We included nine studies involving 766 participants. There were no serious complications (infection requiring antibiotic treatment, blood transfusion, complications requiring unintended operation, cervical injury, uterine perforation, death or serious morbidity) in the trials included.
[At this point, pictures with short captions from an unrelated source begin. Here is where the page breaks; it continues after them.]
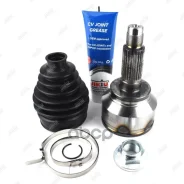 ���� �������� �������� Mazda 5 (2005) Mazda 3 (BK) (2002-2009) 24x58.5x28 [178Jikiujc25028] JC25028 ����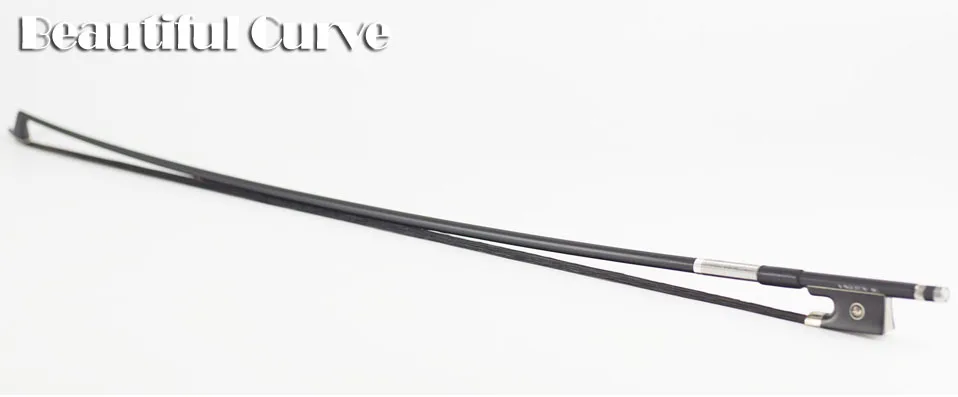 violin parts accessories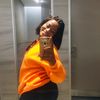 ntombi859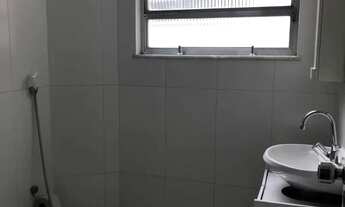 Imagem 7: Apartamento com 3 quartos à venda, 90 m² por R$ 450.000 - Santa Rosa - Niterói/RJ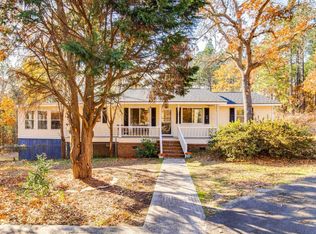 1024 Boiling Springs Rd, Lexington, SC 29073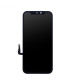LCD + Touch Panel for iPhone 12 / 12 Pro TFT INCELL ZY black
NO donors were more effective in cervical ripening comparing with placebo or no treatment. Baseline cervical dilatation before the procedure was higher in NO donors group (mean difference 0.30, 95% CI 0.01, 0.58) The cumulative force required to dilate the cervix to 8 mm (mean difference -4.29, 95% CI -9.92, 1.35), headache (RR 1.73, 95% CI 0.86, 3.46), abdominal pain (RR 0.87, 95% CI 0.50, 1.50) or patient satisfaction (RR 0.95, 95% CI 0.84, 1.07) were not different. More nausea and vomiting occurred in the women who received a NO donor (RR 2.62, 95% CI 1.07, 6.45).
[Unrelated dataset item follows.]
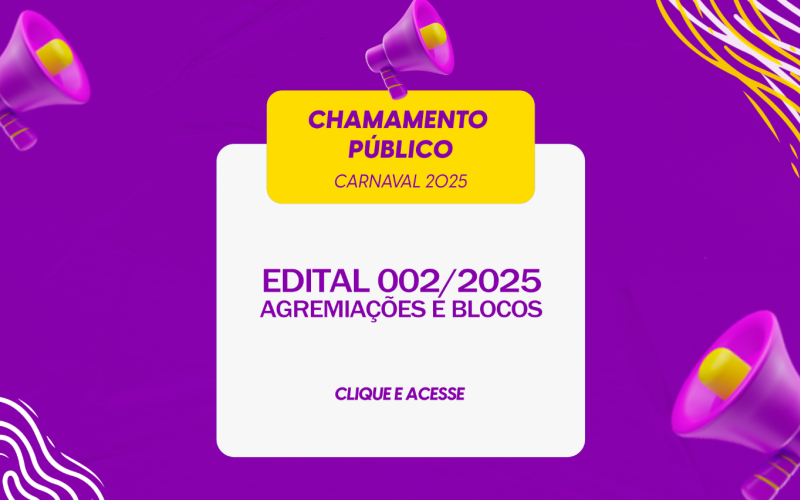 Captura de tela 2025-01-30 171907.png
NO donors were inferior to prostaglandins for cervical ripening. The cumulative force required to dilate the cervix to 8-9 mm was higher (mean difference 13.12, 95% CI 9.72, 16.52) and baseline cervical dilatation was less (mean difference -0.73, 95% CI -1.01, -0.45) in the NO donor group. Side effects including headache (RR 5.13, 95% CI 3.29, 8.00), palpitation (RR 3.43, 95% CI 1.64, 7.15), dizziness (RR 3.29, 95% CI 1.46, 7.41) and intraoperative blood loss (mean difference 33.59 ml, 95% CI 24.50, 42.67) were also higher. However, abdominal pain (RR 0.33, 95% CI 0.25, 0.44) and vaginal bleeding (RR 0.14, 95% CI 0.07, 0.27) was less in the NO donor group. Patient satisfaction was not different.
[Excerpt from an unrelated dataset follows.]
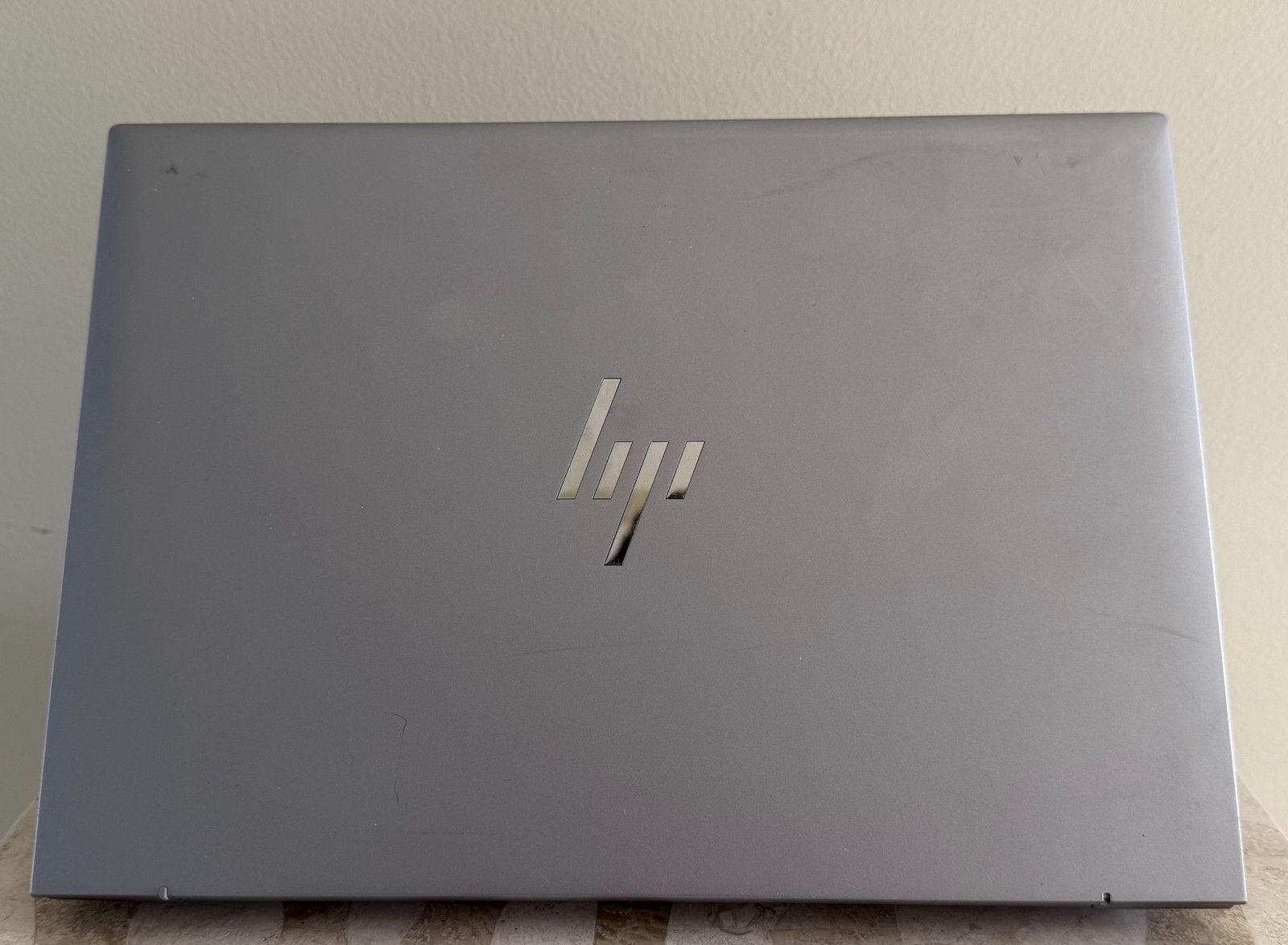 HP ZBook Firefly 14 G10 Laptop Intel i5 1350P 32GB 1TB Win 11 Pro 7Z1A6UT#ABA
One trial compared a NO donor with a NO donor plus prostaglandin. The cumulative force required to dilate the cervix to 8 mm was higher (mean difference 14.50, 95% CI 0.50, 28.50) in the NO donor group. There was no difference in headache (RR 0.88, 95% CI 0.38, 2.00), abdominal pain (RR 0.14, 95% CI 0.02, 1.07) or intraoperative blood loss (mean difference -50, 95% CI -164.19, 64.19).